Rather than trying to “standardize” your help, consider customizing your approach, even if just a little. For instance, if your auditory learner zones out during reading but lights up listening to podcasts, try transforming written lessons into audio formats — perfect for car rides or before-bed listening. The Skuli App even allows you to turn lesson notes into audio adventures, starring your child as the hero, which can make tricky topics feel way more fun.
Quality Over Quantity: One-on-One Matters
It might seem counterintuitive, but you don’t need more time with each child — you need intentional time. A focused 15-minute session can do more than an hour of distracted multitasking. One-on-one moments give kids space to ask questions they may be too shy to voice in front of siblings. It’s during these moments you spot things: the quiet confusion, the small victories, the resilient effort.
Creating this time doesn’t require major scheduling overhauls. As suggested in our article on creating meaningful one-on-one time in big families, it could be as simple as taking turns cooking dinner together (and practicing math while measuring ingredients), or sitting next to one while another waits their turn with an audiobook.
Structuring the Chaos
The biggest gift you can give your family may not be extra help, but structure. When kids know what’s expected, where resources live, and what time is for who, tension eases. Homework routines don’t have to be identical for every child, but they do benefit from consistency.
Some families use color-coded folders or assign subjects to certain time blocks after school. Others create a "homework basket" with everything needed — pencils, chargers, calculator — so no one loses time hunting for supplies. If managing space is a challenge, consider alternating spots at the kitchen table or repurposing part of a shared bedroom as a study nook.
We explore this further in our guide to daily routines that actually work for big families.
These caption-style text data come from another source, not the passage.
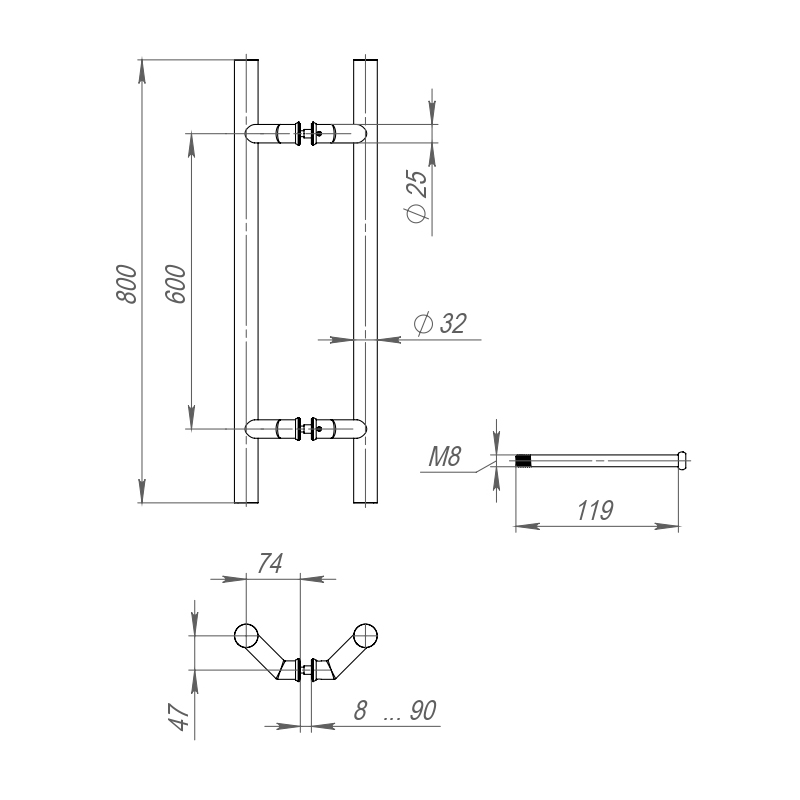 Ручка-скоба Fuaro (Фуаро) PULL.PH32/800.45 INOX 304 (PH-45-32/800-INOX) - Вид 2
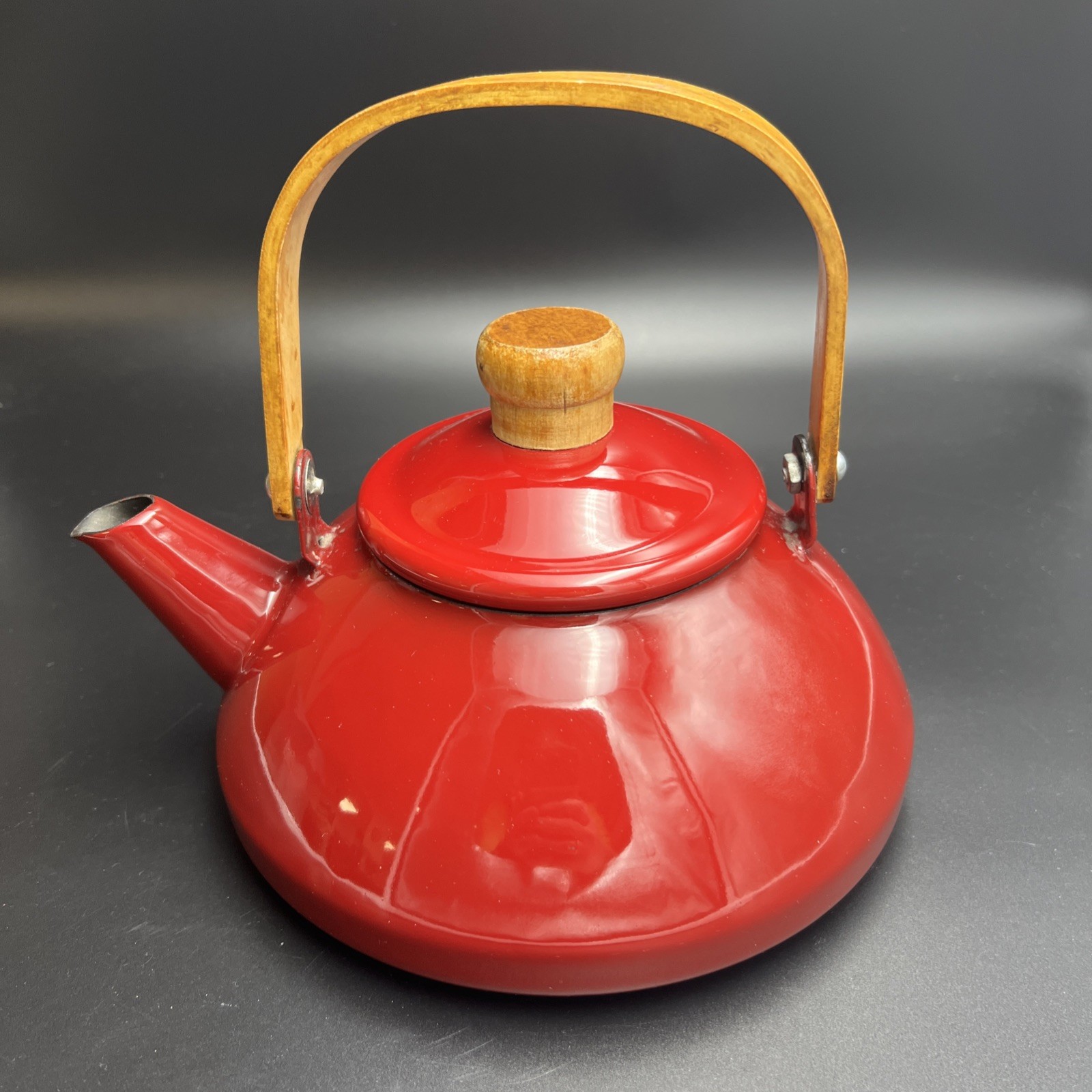 Vtg Danish MCM Red Enamel Tea Kettle Teak Wood Handle & Knob Mid Century Modern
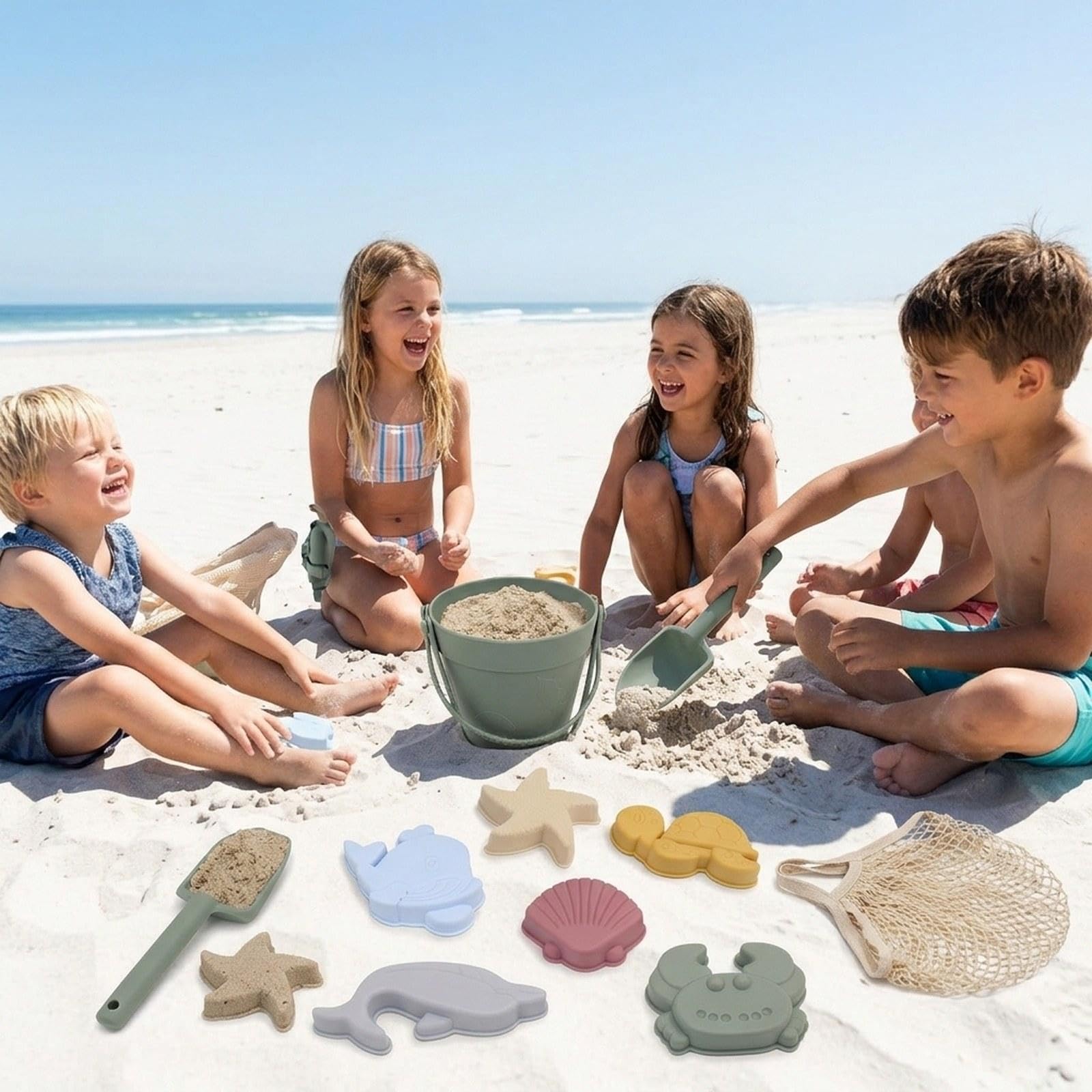 Jouets de Plage Seau Sable Silicone Moules Marin Sac de Transport Pratique et Adapté Aux Jeux Enfants Plein Plage Jardin En Toute, Vert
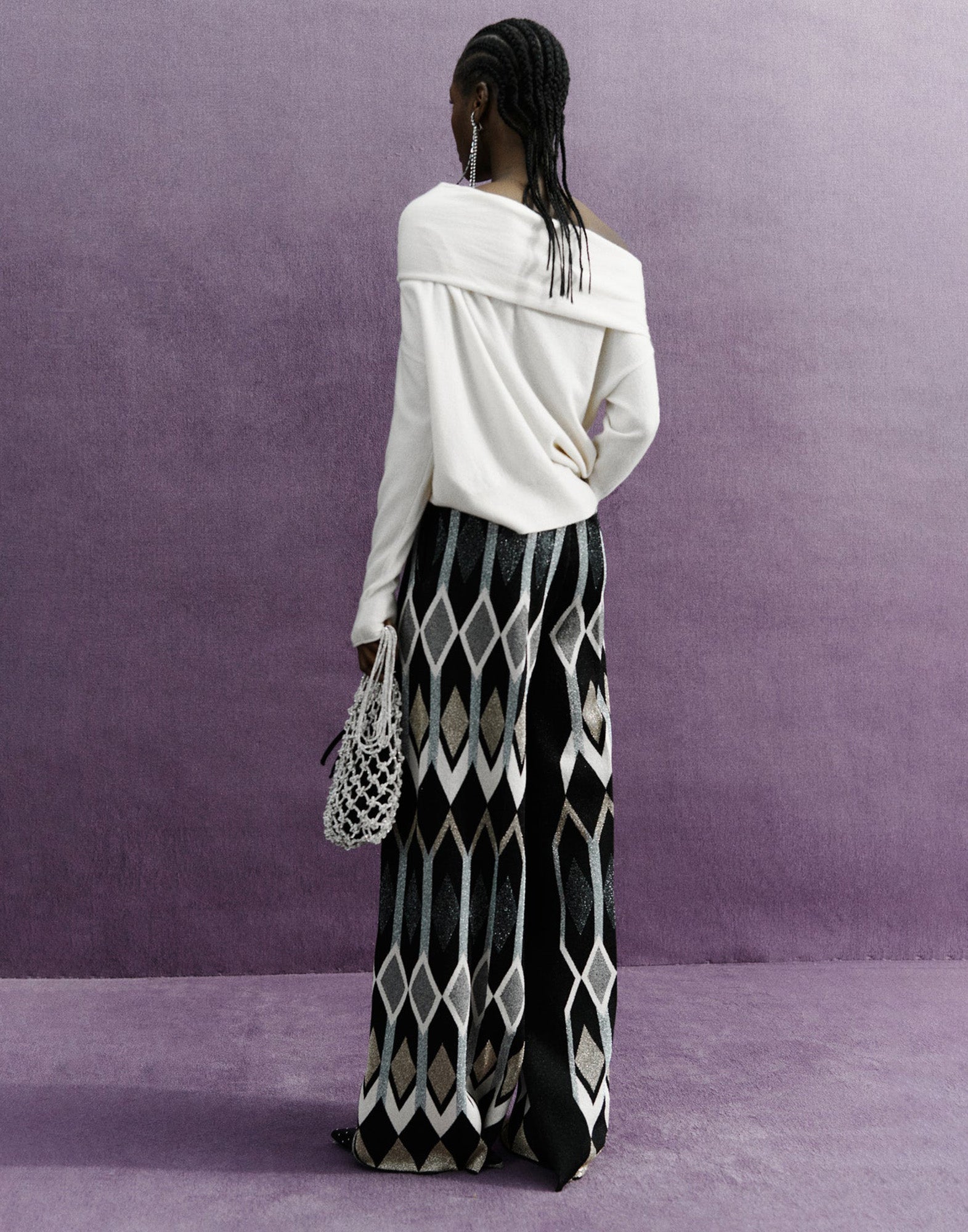 CIRCUS HOTEL Maglia in Cashmere con Scollo alla Bardot Panna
You may not eliminate the chaos, but you can direct it.
Let Technology Share the Load
When you're stretched thin, tools can fill the support gaps. That’s where having smart supports matters. For example, apps like Skuli are designed with multiple learners in mind — it can take a photo of a handwritten lesson and turn it into a personalized quiz that your child can tackle at their pace and level. When you're making dinner or helping another child, your other kids can still engage meaningfully with the material — on their own terms.
The key is choosing tech that empowers independence, not more screen time. The best kind lets kids feel seen and challenged while lightening your load — and that’s a win for everyone.
Accept That You Can’t Do It All — And That’s Okay
Here’s something not enough people say out loud: you will not help every child with every assignment. Some will fall through the cracks now and then. A project might not get finished. A grade may slip. And still, your child will grow up learning from your care, your effort, and the way you didn’t panic when everything wasn’t perfect.
Lean into support where you can — from teachers, family chats, and yes, even tech tools. Plan simple meals when homework nights run late (here are our favorite budget-friendly meal ideas). Streamline grocery trips so you don’t have to choose between dinner and spelling words (see our smart shopping tips here).
And most importantly: remind yourself that the moments that matter aren’t always scheduled, tidy, or quiet. Sometimes they happen while you're tearing open a granola bar with one hand and reading aloud with the other. That matters too.
Your Family, Your Pace
Big families move to their own rhythm. The way you support your children may not look like it does in smaller families, but that doesn’t make it less effective. In fact, growing up in a bustling household teaches kids flexibility, cooperation, and resourcefulness — all skills that serve them far beyond the classroom.
Your children don’t need perfection. They need presence. Encouragement. An occasional quiz that makes them feel like a wizard. And a parent who keeps showing up, even on empty.